Plain Python Training Example (high-level)

This tutorial demonstrates how to train an A2C agent with Maze in plain Python utilizing RunContext. In the process it introduces and explains some of Maze’ most important components and concepts, going from a plain vanilla setup to an increasingly customized configuration.

This is complementary to the article on low-level training in plain Python, which guides through the same setup (but without RunContext support).

Environment Setup

We will first prepare our environment for use with Maze. In order to use Maze’s parallelization capabilities, it is necessary to define a factory function that returns a MazeEnv of your environment. This is easily done for Gym environments:

def cartpole_env_factory():
    """ Env factory for the cartpole MazeEnv """
    # Registered gym environments can be instantiated first and then provided to GymMazeEnv:
    cartpole_env = gym.make("CartPole-v0")
    maze_env = GymMazeEnv(env=cartpole_env)

    # Another possibility is to supply the gym env string to GymMazeEnv directly:
    maze_env = GymMazeEnv(env="CartPole-v0")

    return maze_env

env = cartpole_env_factory()

If you have your own environment (that is not a gym.Env) you must transform it into a MazeEnv yourself, as is shown here, and have your factory return that. If it is a custom gym env it can be instantiated with our wrapper as shown above.

Algorithm Setup

We use A2C for this example. The algorithm_config for A2C can be found here. The hyperparameters will be supplied to Maze with an algorithm-dependent AlgorithmConfig object. The one for A2C is A2CAlgorithmConfig. We will use the default parameters, which can also be found here.

algorithm_config = A2CAlgorithmConfig(
    n_epochs=5,
    epoch_length=25,
    patience=15,
    critic_burn_in_epochs=0,
    n_rollout_steps=100,
    lr=0.0005,
    gamma=0.98,
    gae_lambda=1.0,
    policy_loss_coef=1.0,
    value_loss_coef=0.5,
    entropy_coef=0.00025,
    max_grad_norm=0.0,
    device='cpu',
    rollout_evaluator=RolloutEvaluator(
        eval_env=SequentialVectorEnv([cartpole_env_factory]),
        n_episodes=1,
        model_selection=None,
        deterministic=True
    )
)

Having defined our environment and configured our algorithm we’re ready to train:

rc = maze.api.run_context.RunContext(env=cartpole_env_factory, algorithm=algorithm_config)
rc.train()

Custom Model Setup

However, it can be advisable to create customized networks taking full advantage of the available data.
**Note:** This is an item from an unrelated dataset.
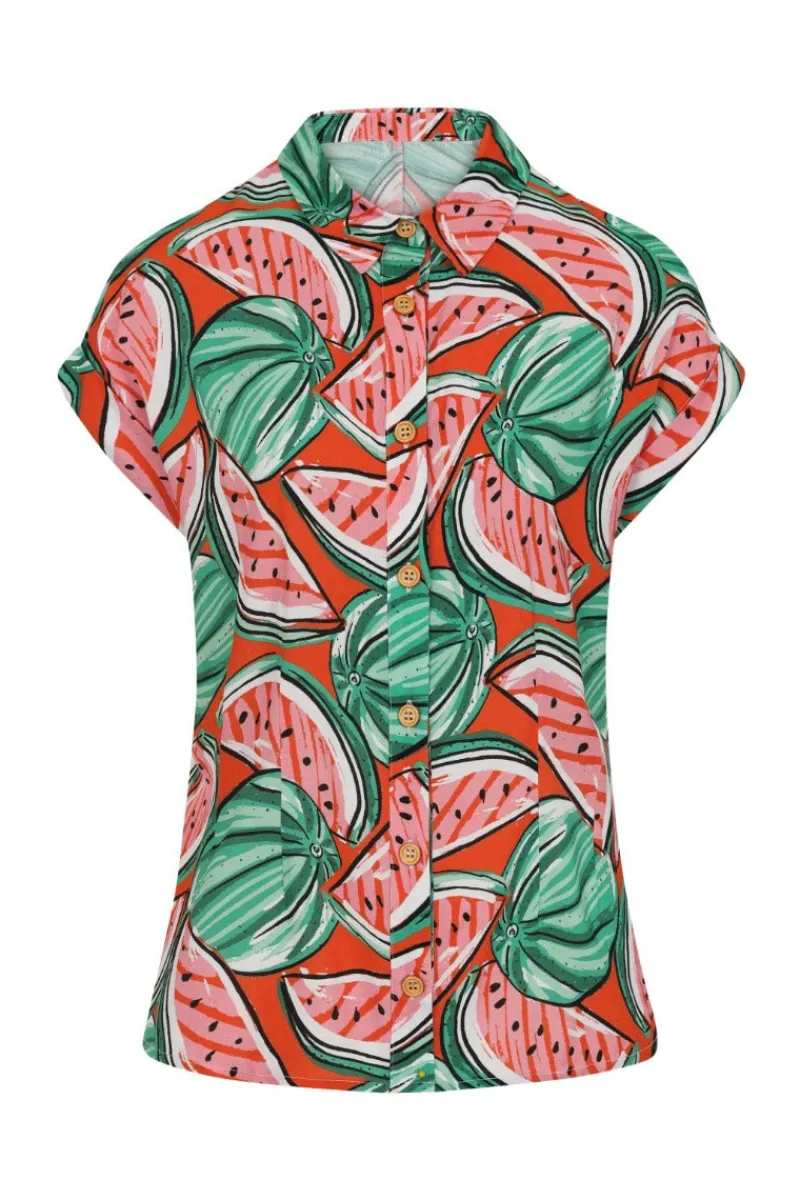 Hell Bunny Blouses|Tops>Melonie Shirt Orange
For this reason Maze supports plugging in customized policy and value networks.

Our goal is to hence train an agent with A2C using customized policy and critic networks:

rc = maze.api.run_context.RunContext(
    env=cartpole_env_factory,
    algorithm=algorithm_config,
    policy=...,
    critic=...
)
rc.train()

Here we will pay special attention to emphasize the format required by Maze. When creating your own models, it is important to know three things:

  1. Maze works with dictionaries throughout, which means that arguments for the constructor and the input and return values of the forward method are dicts with user-defined keys. In a nutshell, instances of MazeEnv can have different steps indicating the currently active task. Each step is associated with a policy, so an environment with different steps can also have different policy. By default environments have only step 0. The required format for models is explained in more detail here.
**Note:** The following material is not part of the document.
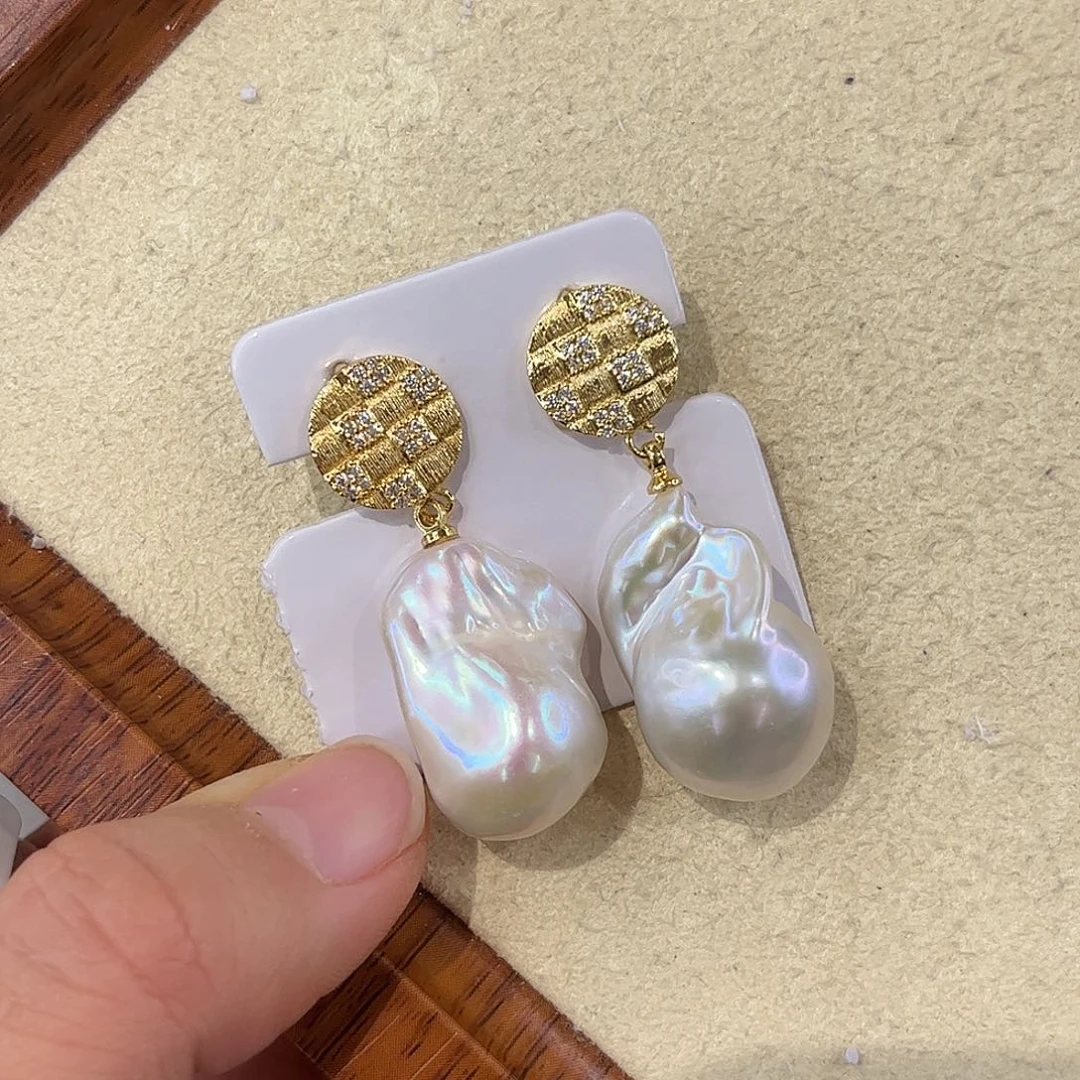 合金淡水珍珠耳饰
  2. Policy networks and value network constructors have required arguments: for policy nets, these are obs_shapes and action_logit_dicts, for value nets, this is obs_shapes.
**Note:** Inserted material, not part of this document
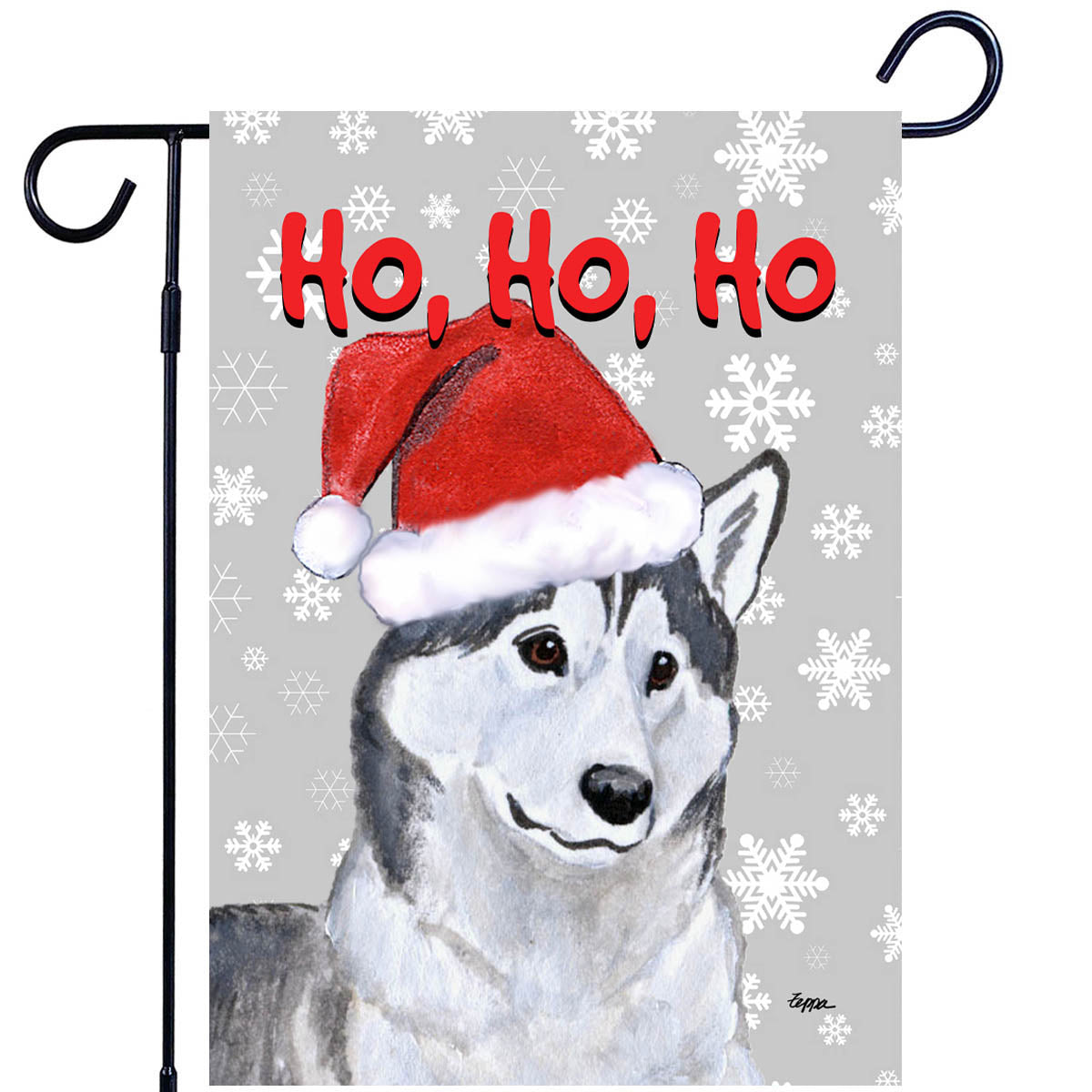 Siberian Husky Ho Ho Ho Garden Flag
  3. Policies and critics are not passed directly, but via composer objects - i.e. classes of type BasePolicyComposer or CriticComposerInterface, respectively. Such composer classes are able to generate policy instances.

Policy Customization

To instantiate e.g. a ProbabilisticPolicyComposer, we require the following arguments:

  1. The policy network.

  2. A specification of the probability distribution as an instance of DistributionMapper.

  3. Dictionaries describing the action and observation spaces.

  4. The numbers of agents active in the corresponding steps.

  5. The IDs of substeps in which agents do not share the same networks.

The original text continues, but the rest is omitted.